When I retired after 40 years of writing columns for the San Jose Mercury News, I figured I'd said about all I could say. Wrong. I've realized that at age 76, I'm about 10 years older than the oldest baby boomers, who are now turning 66. My very average body has had a lot of experiences in those 10 years. I've learned a lot that could be helpful to people just starting on that same path -- what to do, what to avoid, what to keep an eye on.. Consider me your canary-in-the-coalmine for the boomer generation. Tune in regularly for the heads-up advice.

Sunday, February 26, 2012

No Time To Retire


     Baby Boomers as a group have seldom been thought of as shy and retiring. And now, retiring isn’t a word many of them will be using under any circumstances, shy nor not.

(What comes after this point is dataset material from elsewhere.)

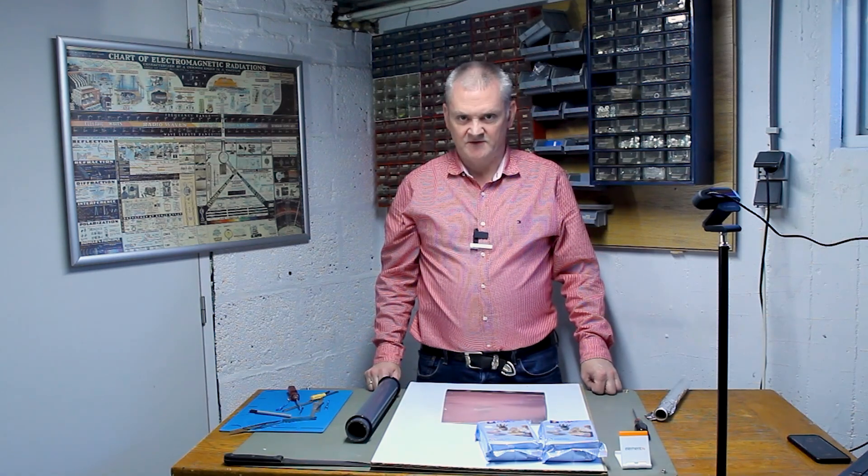Welcome back to Element 14 Presents. My name is Mark. Today I'm going to show you how you can build another gadget for the office. This time we're going to do magic.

     A recent survey by Associated Press reports that 78 million of them are approaching age 65 at a time when “stock market crashes diminished their 401(k) nest eggs, companies began eliminating defined-benefit pensions in record numbers and previously unimagined technological advances have all but eliminated entire job descriptions from travel agent to telephone operator.”

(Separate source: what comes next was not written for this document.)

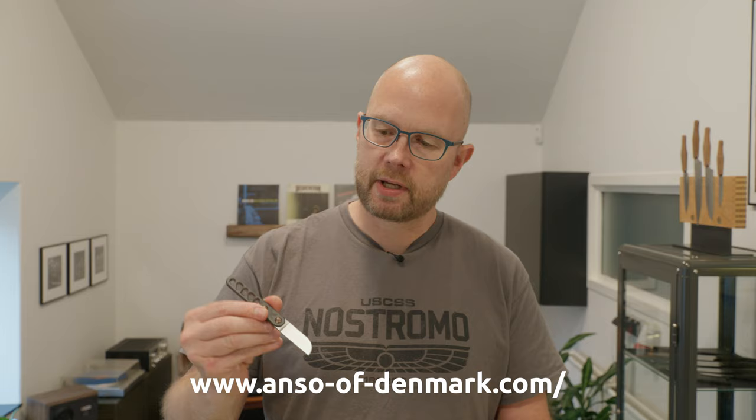I'd like this channel to grow and spread the word. Thanks so much — if you want to support this channel, please visit my website at ansordenmark.com. There's a link below, and on my website you can find items like this Astra, the modular fixed blade.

     In short, if you have a job, you’d best hold onto it. How long? As long as it takes to keep food on your table and a roof over your head. The old standard of working 40 years for a company, taking your retirement pension at age 65 and riding off into the Golden Years is pretty much gone.
     That’s a shame. It’s bad. But it may not be all bad.
     Granted, I’m saying this from the perspective of one who’s already stepped away from my principal life’s work as a newspaper columnist. I’ve previously been urging people to retire as soon as they could, noting that retirement life can be pretty darn good. It is, but today you have to be willing to accept a few caveats.
     One, I worked full-time until I was 70. I’d been having fun, until technology began making newspapers shrink. But postponing retirement age as long as possible can also help maximize your Social Security benefits. They’re less if you retire at 62 than they are at 65, and so on up. Social Security never will let you live in the lap of luxury, but it helps to have those checks coming in nonetheless, and the larger the better. It does bug me, though, to hear politicians talk scornfully about Social Security as an entitlement. As though that’s a bad thing. I paid into Social Security for more than 50 years. I’m damn well entitled to get some of that back.
     Two, you wouldn’t want to step away from the old job and just play golf all day anyway That gets old quite quickly, and makes you older in the process. Keeping busy at something meaningful helps keep you alive, whether it’s a regular job, volunteering to help others in your community or finally pursuing that hobby that you’re so passionate about. That hobby could turn into a new paying job for you. Who knows?
     I’m only semi-retired. I write this blog, as well as articles for whatever publications I can. I volunteer on non-profit boards such as the American Cancer Society and the Stroke Awareness Foundation, both of which have a personally physical connection for me. I tell people I haven’t completely retired, just changed jobs.
     Not retiring at all may well become the new norm. If you have to hang in there on the time clock, make the best of it. I’m selfish. I need all the people still paying into my Social Security that I can get.
     We’ve worried about making things better for the next generation, but apparently that doesn’t apply to the Baby Boomers. The Great Recession, among other things, has seen to that. And all my generation, the Silent Generation, can do is stand by and shrug. Sorry.